05 Jul 2019

Modeling Wildfire Risk

Nicholas Conidas

Building a model to predict wildfire risk.

Image credit: Akritasa

One of the foundational components of our project was a machine learning model that would output the predicted wildfire risk at each S2 cell every day.

Framing the Problem

The first step in the model development process was to properly frame the problem. Of key importance, we had binary labels (0 = No Fire, 1 = Fire) for every data point and we knew we wanted our model to output a floating point risk score in the range 0-1. These specifications align nicely with the supervised binary classification framework.


Class Imbalance

Fortunately, wildfires are relatively rare. This does however, pose a challenge from a modelling perspective in that wildfire datasets suffer from massive class imbalance. The negative class consisted of 99.97% of all data points, which makes it very challenging for a classifier to learn a decision boundary that would outperform always predicting “no fire.”

  Train Validation
  (2016-2017) (2018)
Row Count 7.7 Million 3.9 Million
Fires 2431 1242
Fire Percent 0.03% 0.03%

Ignition Randomness

A second challenge we had to deal with was the inherent randomness in wildfires. An area may have a very high risk of fire on a given day, but without an ignition source, a fire will not occur. Furthermore many fires start due to things like lightning strikes and human behavior, both of which are very difficult to accurately predict.

Development Process

Due to the previously mentioned challenges we chose a flexible framework that allowed us to rapidly experiment with many techniques.

The model development process consisted of:

  1. Segment the data into separate training and validation sets
  2. Train a classifier
  3. Conduct hyperparameter tuning
  4. Assess feature importance and model performance
  5. Repeat steps 2-4 with new models and techniques

By adopting an iterative approach we were able to test a variety of techniques in a short period of time.

Baseline Model

The first model we developed was used both to establish a baseline performance as well as gain preliminary insights into dataset feature importance. As interpretability and simplicity were of paramount importance for the baseline we chose logistic regression, implemented using LogisticRegressionClassifier in scikit-learn.

Technique Experimentation

Due to the heavy class imbalance in our dataset we borrowed a few techniques from outlier detection, including Up/Down Sampling and Isolation Forests. With 11.7 million data points we felt we had a sufficient amount of data to train a neural network. Ultimately we tried a feedforward neural network and a convolutional neural network. For structuring the convolutional neural network we had two options, to convolve about a geospatial dimension or about a temporal dimension.
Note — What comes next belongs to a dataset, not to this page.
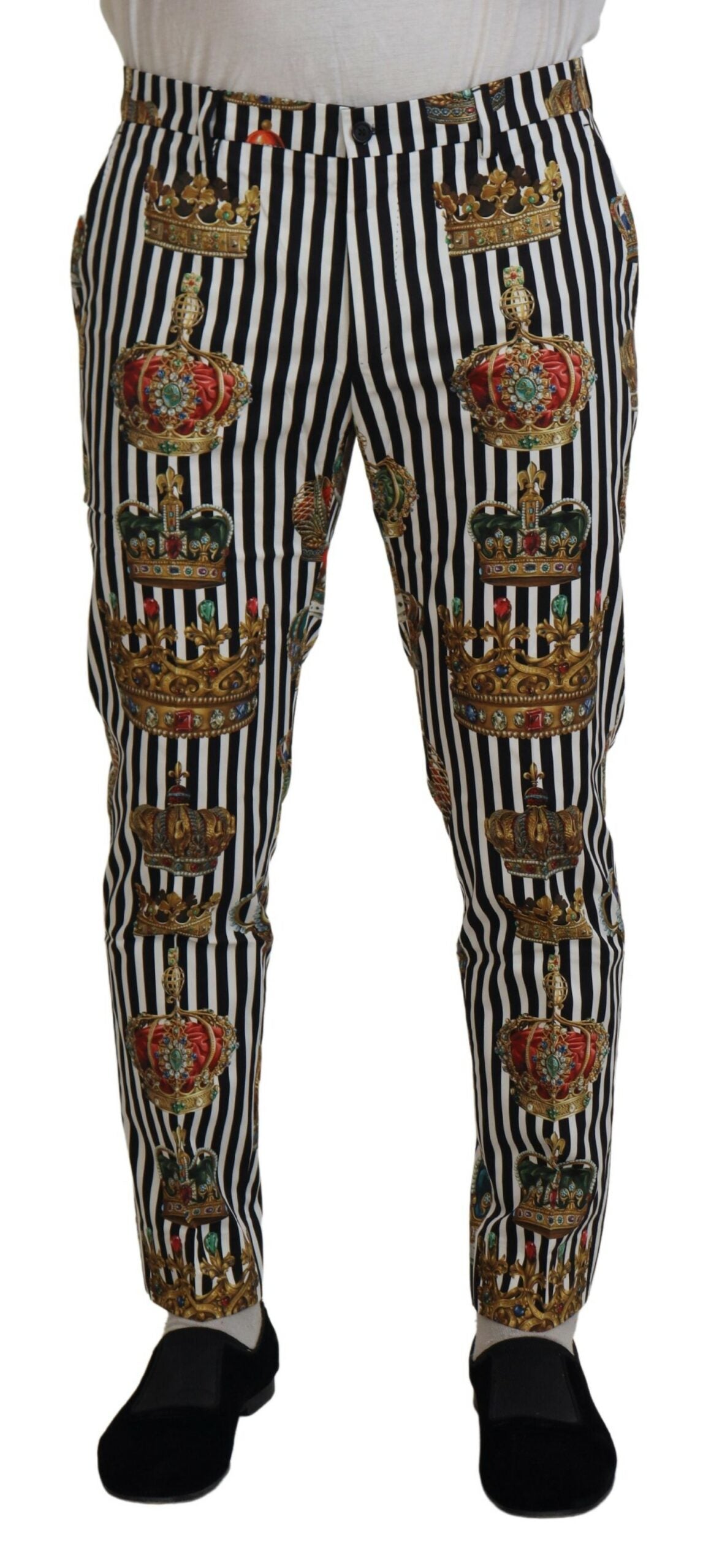 Dolce & Gabbana Elegant Gold Crown Stripe Chino Pants Dolce & Gabbana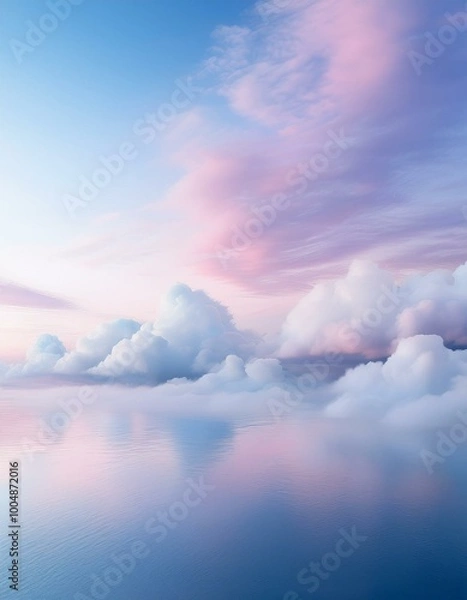 Fototapeta Pink and blue sky with clouds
Ultimately, either option would require a substantial restructuring of our data and decided to leave the CNN for future work. The feedforward neural network was more straightforward and could be used with our data as is, this left us free to experiment with layer counts, dimensions and activation functions.

Final Model

Ultimately, we chose a model that had the best balance of performance and simplicity and that was a feedforward neural network with minority class upsampling and majority class downsampling. When it came time to optimize our model we chose to focus on recall as high recall would correspond to few wildfires going unpredicted. As can be seen in the table below the final model does substantially improve recall as compared to the baseline. At first glance the precision achieved by the models seems quite low because of the large number of false positives. However, it is important to note that an area might have had a high risk of fire but was simply missing an ignition source. For the reason precision is not a wholly dependable metric, and future work should be done to establish a better system for assessing fire risk models.

  Logistic Regression Feed Forward Neural Network
  (Baseline) (Final)
Precision 0.0007 .00052
Recall 0.13 .76